Segment Open

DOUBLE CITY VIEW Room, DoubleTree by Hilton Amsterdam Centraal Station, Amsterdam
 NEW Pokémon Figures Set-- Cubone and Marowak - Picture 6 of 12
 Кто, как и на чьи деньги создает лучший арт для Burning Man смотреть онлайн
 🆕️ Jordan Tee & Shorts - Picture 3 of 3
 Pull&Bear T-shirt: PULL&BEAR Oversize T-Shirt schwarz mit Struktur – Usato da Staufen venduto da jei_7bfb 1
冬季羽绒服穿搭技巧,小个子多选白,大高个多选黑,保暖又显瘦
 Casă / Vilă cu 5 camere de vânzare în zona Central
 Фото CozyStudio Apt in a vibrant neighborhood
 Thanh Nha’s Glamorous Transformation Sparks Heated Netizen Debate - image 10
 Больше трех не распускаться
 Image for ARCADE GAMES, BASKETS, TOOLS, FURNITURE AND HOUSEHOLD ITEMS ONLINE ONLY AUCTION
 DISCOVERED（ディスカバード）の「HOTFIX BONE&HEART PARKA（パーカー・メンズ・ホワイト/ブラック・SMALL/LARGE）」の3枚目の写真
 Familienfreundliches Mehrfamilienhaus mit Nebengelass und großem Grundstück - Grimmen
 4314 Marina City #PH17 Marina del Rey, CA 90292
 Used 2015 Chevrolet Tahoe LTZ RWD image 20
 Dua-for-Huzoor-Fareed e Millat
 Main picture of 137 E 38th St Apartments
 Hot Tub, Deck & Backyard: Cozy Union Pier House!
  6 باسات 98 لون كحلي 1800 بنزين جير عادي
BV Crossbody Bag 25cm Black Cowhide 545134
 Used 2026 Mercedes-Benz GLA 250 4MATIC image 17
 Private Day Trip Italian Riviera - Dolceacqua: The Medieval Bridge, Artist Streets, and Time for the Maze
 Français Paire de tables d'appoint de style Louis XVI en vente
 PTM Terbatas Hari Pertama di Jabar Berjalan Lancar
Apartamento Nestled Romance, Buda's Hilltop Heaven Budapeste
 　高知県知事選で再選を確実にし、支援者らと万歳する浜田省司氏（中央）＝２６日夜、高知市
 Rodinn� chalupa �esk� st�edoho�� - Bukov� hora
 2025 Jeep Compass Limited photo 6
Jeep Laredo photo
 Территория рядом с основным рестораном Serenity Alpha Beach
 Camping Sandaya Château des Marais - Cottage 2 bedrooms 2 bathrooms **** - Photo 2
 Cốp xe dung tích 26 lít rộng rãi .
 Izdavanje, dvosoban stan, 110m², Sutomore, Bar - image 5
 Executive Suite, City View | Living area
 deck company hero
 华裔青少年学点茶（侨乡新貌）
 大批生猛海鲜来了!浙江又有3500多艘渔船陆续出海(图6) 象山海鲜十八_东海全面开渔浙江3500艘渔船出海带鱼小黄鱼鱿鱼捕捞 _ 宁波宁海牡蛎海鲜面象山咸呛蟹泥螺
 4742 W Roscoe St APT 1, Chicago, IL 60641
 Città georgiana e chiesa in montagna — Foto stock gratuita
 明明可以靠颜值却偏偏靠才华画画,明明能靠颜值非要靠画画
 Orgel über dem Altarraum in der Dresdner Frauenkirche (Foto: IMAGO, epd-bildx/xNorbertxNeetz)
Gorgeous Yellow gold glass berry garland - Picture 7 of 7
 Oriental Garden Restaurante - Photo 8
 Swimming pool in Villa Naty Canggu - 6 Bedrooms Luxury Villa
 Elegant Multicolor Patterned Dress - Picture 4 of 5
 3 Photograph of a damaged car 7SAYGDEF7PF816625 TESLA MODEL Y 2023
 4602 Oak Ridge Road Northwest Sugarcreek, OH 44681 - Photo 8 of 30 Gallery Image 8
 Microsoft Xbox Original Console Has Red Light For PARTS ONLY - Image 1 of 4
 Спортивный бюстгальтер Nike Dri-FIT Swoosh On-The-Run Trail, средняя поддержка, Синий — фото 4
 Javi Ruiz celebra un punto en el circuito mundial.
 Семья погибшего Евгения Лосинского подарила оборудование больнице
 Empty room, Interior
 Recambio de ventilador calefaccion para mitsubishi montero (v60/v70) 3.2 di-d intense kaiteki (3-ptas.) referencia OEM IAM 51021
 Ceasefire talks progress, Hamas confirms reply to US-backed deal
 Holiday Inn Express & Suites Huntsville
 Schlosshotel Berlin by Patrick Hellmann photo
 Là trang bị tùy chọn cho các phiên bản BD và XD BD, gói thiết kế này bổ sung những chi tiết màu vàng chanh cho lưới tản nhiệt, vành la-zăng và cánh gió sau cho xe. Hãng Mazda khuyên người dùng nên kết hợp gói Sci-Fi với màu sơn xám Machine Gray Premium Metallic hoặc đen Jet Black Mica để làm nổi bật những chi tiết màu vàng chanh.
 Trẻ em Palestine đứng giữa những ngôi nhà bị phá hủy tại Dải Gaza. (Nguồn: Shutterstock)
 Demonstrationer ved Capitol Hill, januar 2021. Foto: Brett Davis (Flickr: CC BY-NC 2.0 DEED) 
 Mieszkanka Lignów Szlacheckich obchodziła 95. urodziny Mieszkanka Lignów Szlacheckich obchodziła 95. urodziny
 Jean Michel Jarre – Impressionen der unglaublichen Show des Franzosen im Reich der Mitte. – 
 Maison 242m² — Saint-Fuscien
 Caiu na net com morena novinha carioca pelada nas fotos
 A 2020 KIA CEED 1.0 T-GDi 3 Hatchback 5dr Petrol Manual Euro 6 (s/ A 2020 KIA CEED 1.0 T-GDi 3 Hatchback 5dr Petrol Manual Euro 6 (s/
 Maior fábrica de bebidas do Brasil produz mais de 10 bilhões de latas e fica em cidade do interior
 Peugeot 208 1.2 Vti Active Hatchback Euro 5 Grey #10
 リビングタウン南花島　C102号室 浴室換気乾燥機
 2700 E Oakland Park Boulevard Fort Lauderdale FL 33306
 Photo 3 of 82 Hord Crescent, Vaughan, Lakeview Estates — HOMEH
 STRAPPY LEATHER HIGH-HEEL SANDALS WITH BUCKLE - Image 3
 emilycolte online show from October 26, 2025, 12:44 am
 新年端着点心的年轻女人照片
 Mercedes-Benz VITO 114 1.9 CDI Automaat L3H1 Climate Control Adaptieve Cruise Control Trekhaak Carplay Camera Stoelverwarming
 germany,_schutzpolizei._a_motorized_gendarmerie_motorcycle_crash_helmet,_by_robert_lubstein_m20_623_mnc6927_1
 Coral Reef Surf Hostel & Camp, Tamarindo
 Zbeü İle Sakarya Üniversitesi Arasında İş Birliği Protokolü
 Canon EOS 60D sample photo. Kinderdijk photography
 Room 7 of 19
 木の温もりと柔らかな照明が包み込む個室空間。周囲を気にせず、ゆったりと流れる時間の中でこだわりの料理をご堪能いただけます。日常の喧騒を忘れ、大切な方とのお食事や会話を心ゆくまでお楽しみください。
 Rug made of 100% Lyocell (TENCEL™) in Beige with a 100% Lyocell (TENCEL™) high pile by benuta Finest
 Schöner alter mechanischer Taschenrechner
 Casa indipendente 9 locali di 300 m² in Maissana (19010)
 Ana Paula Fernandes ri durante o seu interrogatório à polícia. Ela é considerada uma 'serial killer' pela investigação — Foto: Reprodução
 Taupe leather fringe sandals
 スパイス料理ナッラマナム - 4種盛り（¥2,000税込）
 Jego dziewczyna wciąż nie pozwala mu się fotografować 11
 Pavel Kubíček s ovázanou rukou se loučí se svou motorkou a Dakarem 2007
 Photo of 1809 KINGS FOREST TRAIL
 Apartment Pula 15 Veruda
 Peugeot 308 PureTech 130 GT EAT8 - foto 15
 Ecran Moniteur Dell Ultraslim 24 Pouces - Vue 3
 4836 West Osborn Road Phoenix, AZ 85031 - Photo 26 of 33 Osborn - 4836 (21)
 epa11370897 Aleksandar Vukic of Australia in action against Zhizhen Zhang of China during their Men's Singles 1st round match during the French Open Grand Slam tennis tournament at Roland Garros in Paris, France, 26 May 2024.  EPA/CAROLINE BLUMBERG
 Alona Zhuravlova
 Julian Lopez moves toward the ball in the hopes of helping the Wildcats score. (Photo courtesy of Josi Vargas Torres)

Segment Closed

▶ **Work to complete**: As the answer, set down only the lines from the data above between the one holding "Спортивный бюстгальтер Nike" and the one holding "Coral Reef Surf Hostel & Camp, Tamarindo", inclusive, exactly as they read.

▶ **Answer to the problem**:
 Спортивный бюстгальтер Nike Dri-FIT Swoosh On-The-Run Trail, средняя поддержка, Синий — фото 4
 Javi Ruiz celebra un punto en el circuito mundial.
 Семья погибшего Евгения Лосинского подарила оборудование больнице
 Empty room, Interior
 Recambio de ventilador calefaccion para mitsubishi montero (v60/v70) 3.2 di-d intense kaiteki (3-ptas.) referencia OEM IAM 51021
 Ceasefire talks progress, Hamas confirms reply to US-backed deal
 Holiday Inn Express & Suites Huntsville
 Schlosshotel Berlin by Patrick Hellmann photo
 Là trang bị tùy chọn cho các phiên bản BD và XD BD, gói thiết kế này bổ sung những chi tiết màu vàng chanh cho lưới tản nhiệt, vành la-zăng và cánh gió sau cho xe. Hãng Mazda khuyên người dùng nên kết hợp gói Sci-Fi với màu sơn xám Machine Gray Premium Metallic hoặc đen Jet Black Mica để làm nổi bật những chi tiết màu vàng chanh.
 Trẻ em Palestine đứng giữa những ngôi nhà bị phá hủy tại Dải Gaza. (Nguồn: Shutterstock)
 Demonstrationer ved Capitol Hill, januar 2021. Foto: Brett Davis (Flickr: CC BY-NC 2.0 DEED) 
 Mieszkanka Lignów Szlacheckich obchodziła 95. urodziny Mieszkanka Lignów Szlacheckich obchodziła 95. urodziny
 Jean Michel Jarre – Impressionen der unglaublichen Show des Franzosen im Reich der Mitte. – 
 Maison 242m² — Saint-Fuscien
 Caiu na net com morena novinha carioca pelada nas fotos
 A 2020 KIA CEED 1.0 T-GDi 3 Hatchback 5dr Petrol Manual Euro 6 (s/ A 2020 KIA CEED 1.0 T-GDi 3 Hatchback 5dr Petrol Manual Euro 6 (s/
 Maior fábrica de bebidas do Brasil produz mais de 10 bilhões de latas e fica em cidade do interior
 Peugeot 208 1.2 Vti Active Hatchback Euro 5 Grey #10
 リビングタウン南花島　C102号室 浴室換気乾燥機
 2700 E Oakland Park Boulevard Fort Lauderdale FL 33306
 Photo 3 of 82 Hord Crescent, Vaughan, Lakeview Estates — HOMEH
 STRAPPY LEATHER HIGH-HEEL SANDALS WITH BUCKLE - Image 3
 emilycolte online show from October 26, 2025, 12:44 am
 新年端着点心的年轻女人照片
 Mercedes-Benz VITO 114 1.9 CDI Automaat L3H1 Climate Control Adaptieve Cruise Control Trekhaak Carplay Camera Stoelverwarming
 germany,_schutzpolizei._a_motorized_gendarmerie_motorcycle_crash_helmet,_by_robert_lubstein_m20_623_mnc6927_1
 Coral Reef Surf Hostel & Camp, Tamarindo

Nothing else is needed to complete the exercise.